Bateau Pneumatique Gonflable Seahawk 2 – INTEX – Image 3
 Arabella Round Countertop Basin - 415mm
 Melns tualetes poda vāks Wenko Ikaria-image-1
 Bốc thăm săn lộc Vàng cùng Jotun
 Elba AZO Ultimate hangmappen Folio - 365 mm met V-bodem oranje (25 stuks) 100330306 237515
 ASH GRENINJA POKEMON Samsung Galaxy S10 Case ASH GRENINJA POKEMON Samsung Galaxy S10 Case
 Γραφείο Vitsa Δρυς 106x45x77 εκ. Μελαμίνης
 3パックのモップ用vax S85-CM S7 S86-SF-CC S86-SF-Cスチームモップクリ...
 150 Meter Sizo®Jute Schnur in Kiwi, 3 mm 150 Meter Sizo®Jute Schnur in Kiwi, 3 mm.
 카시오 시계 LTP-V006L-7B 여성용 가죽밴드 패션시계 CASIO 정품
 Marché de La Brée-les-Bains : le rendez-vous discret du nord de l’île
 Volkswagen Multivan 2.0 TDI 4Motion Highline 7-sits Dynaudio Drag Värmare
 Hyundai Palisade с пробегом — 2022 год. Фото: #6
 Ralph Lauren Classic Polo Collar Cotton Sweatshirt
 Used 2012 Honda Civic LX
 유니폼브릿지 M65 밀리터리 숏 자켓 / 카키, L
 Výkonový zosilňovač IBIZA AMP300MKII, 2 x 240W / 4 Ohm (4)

• _WORK REQUEST_: Your answer must be the line that contains "유니폼브릿지 M65 밀리터리 숏 자켓 / 카키, L" and every line after it to the end of the records, reproduced exactly.

• _TASK SOLUTION_:
 유니폼브릿지 M65 밀리터리 숏 자켓 / 카키, L
 Výkonový zosilňovač IBIZA AMP300MKII, 2 x 240W / 4 Ohm (4)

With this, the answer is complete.